La vie au pouvoir puis la vie après le pouvoir. Des millions de citoyens ne connaissent d’ailleurs rien du pouvoir, une vie sans pouvoir du tout. De toutes les expériences que j’ai connues sur le continent, celle du Bénin m’a particulièrement marqué lorsqu’à la fin du 2ème mandat du président Mathieu Kérékou, le débat sur sa succession a surgi surtout dans les cercles du pouvoir au sein desquels je comptais beaucoup d’amis. Un débat si passionné qui m’obligea à donner une interview à un journal paraissant à Cotonou où j’y étalais ma conception sur le sujet. À cette époque-là, comme aujourd’hui, où l’alternance demeure encore une problématique dans plusieurs pays africains notamment francophones, ma contribution est la même : "l’alternance ne s’évite pas, elle se prépare dans tous cas de figure".

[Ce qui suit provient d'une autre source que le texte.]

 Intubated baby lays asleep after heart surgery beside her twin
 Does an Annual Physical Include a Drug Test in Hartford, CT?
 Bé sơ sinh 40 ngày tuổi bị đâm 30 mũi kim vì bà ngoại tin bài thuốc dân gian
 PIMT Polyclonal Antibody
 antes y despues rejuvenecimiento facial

Je disais, en effet, aux amis Béninois partisans du régime d’alors qu’au lieu de paniquer face à la perspective d’un départ définitif du général Kérékou au terme de son deuxième et dernier mandat constitutionnel, il était dans leur intérêt de penser à un futur sans leur leader charismatique. Même si les velléités de quelques-uns à voir la constitution modifier afin de prolonger le règne du général prospéraient, il arrivera toujours le moment de la fin, soit par un événement naturel soit pas une conjoncture exceptionnelle. Et généralement personne ne sait ce qui pourrait advenir de ces situations imprévues. Grâce à l’esprit de tolérance et d’ouverture qui ont toujours animé le débat public au Bénin, j’ai constaté que la famille politique du général a renoncé finalement à toute idée de faire modifier la constitution. Depuis lors, l’ancien président fait une nouvelle expérience de vie après le pouvoir, lorsqu’on sait qu’il a déjà vécu pareille circonstance entre 1991 et 1996 après avoir perdu le pouvoir une première fois avant de revenir toujours par les urnes.

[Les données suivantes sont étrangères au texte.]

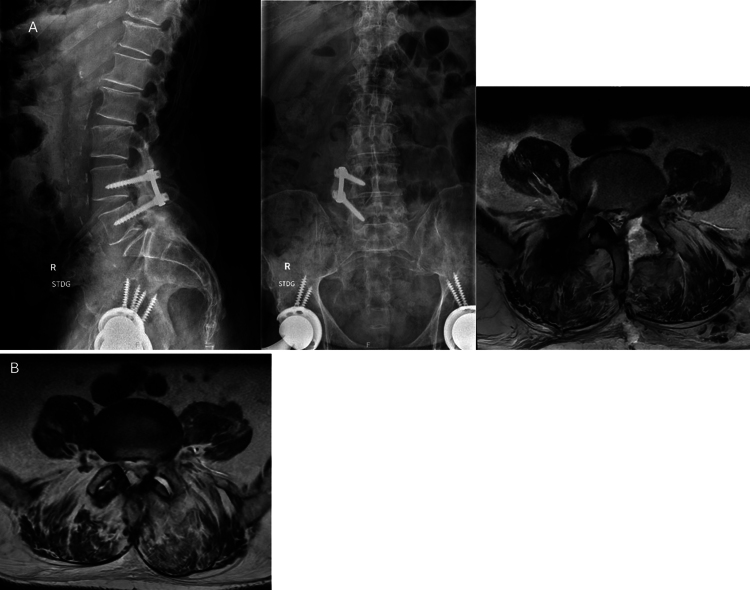 Nocardia facet sepsis, an indicator of immunocompromise: illustrative case.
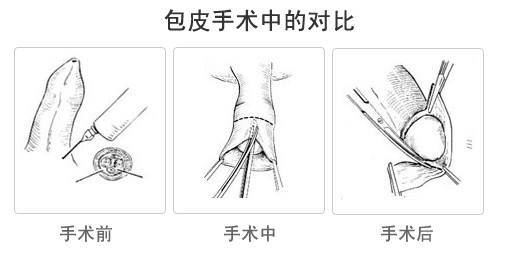 包皮过长危害,包皮过长图片,包皮过长早泄,包皮过长原因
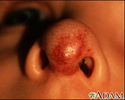 Hemangioma on the face (nose)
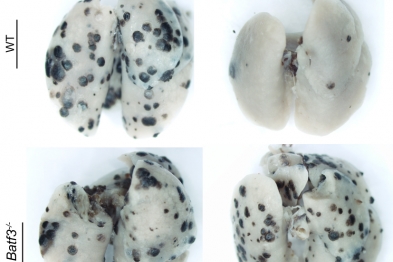 Imagen de pulmones con metástasis en ratones silvestres (WT) y deficientes en células dendríticas DC1 (Batf3-/-) que demuestra que las células dendríticas DC1 son necesarias para la eficiencia de la inmunoterapia del cáncer tras vacunación con antígenos tumorales.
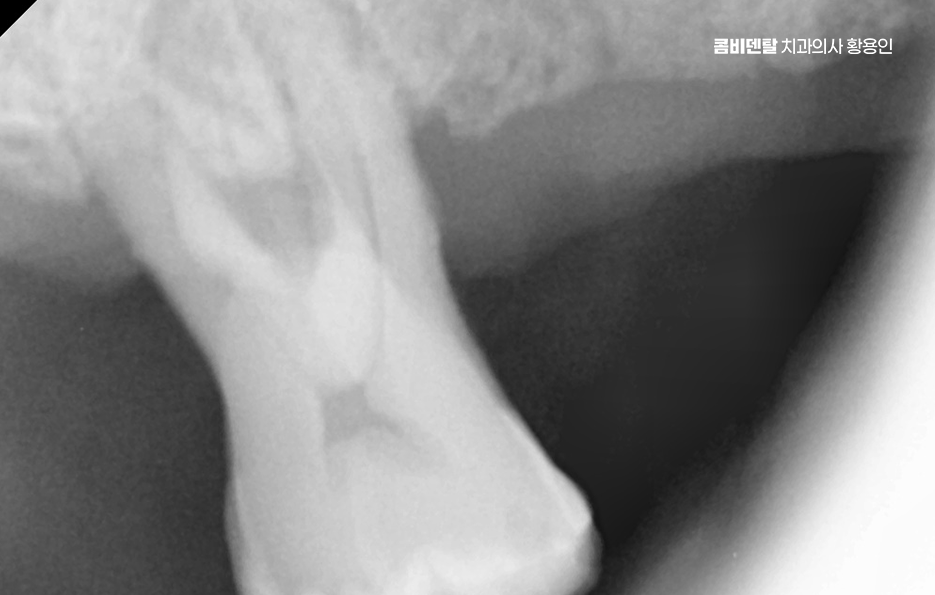 윗니 전체 임플란트 뭐부터 해야할까 관련 이미지 6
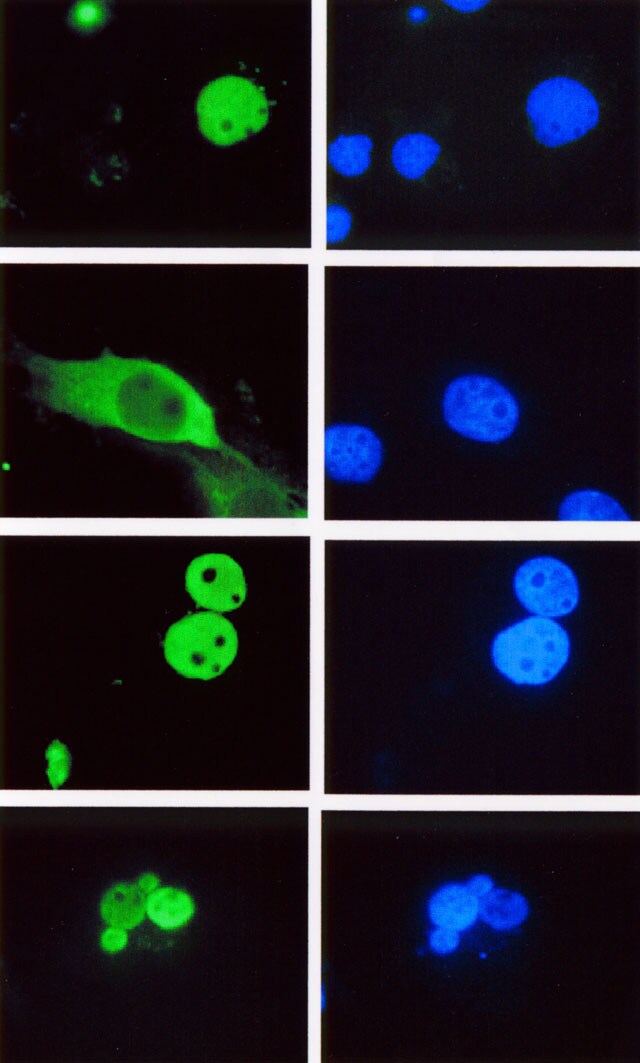LEF1 Antibody (REMB6)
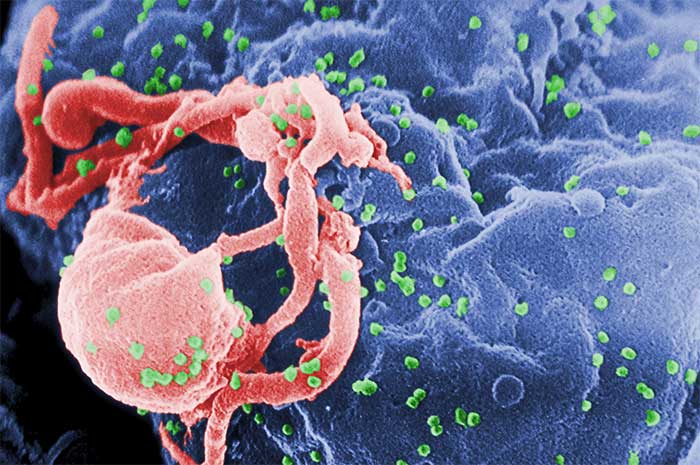 virus hiv 1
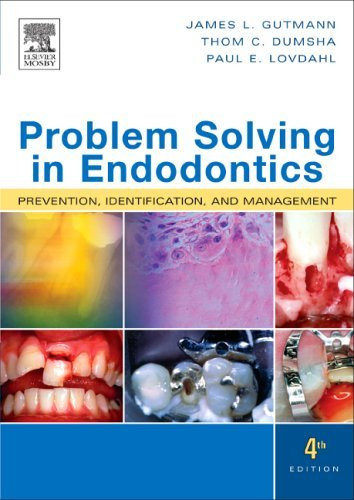 Problem Solving In Endodontics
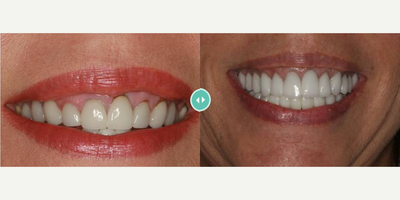 Woman treated with Porcelain Veneers - Woman treated with Porcelain Veneers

Dans une République moderne, il est vain de craindre une quelconque survenance de l’alternance. Au contraire, il vaut mieux être préparé à cela à chaque instant que d’y être contraint. Le parcours de plusieurs pays africains montrent bien que le départ d’un president du pouvoir ne signifie nullement la déchéance de tous ses partisans. Afrique du Sud, Tanzanie, Zambie, Namibie, Ghana, Cap-Vert etc.... A peine une recomposition de la classe politique, des grincements de dents, puis une reprise de la vie avec quelques aménagements suivants les circonstances. C’est le principe républicain qui commande que les uns succèdent aux autres dans la conduite des affaires de la citée. Même la grande Chine très jalouse de son modèle de parti unique manie avec maestria depuis Mao les vertus de l’alternance au pouvoir. La vie après le pouvoir devrait donc être une grâce et non une malédiction.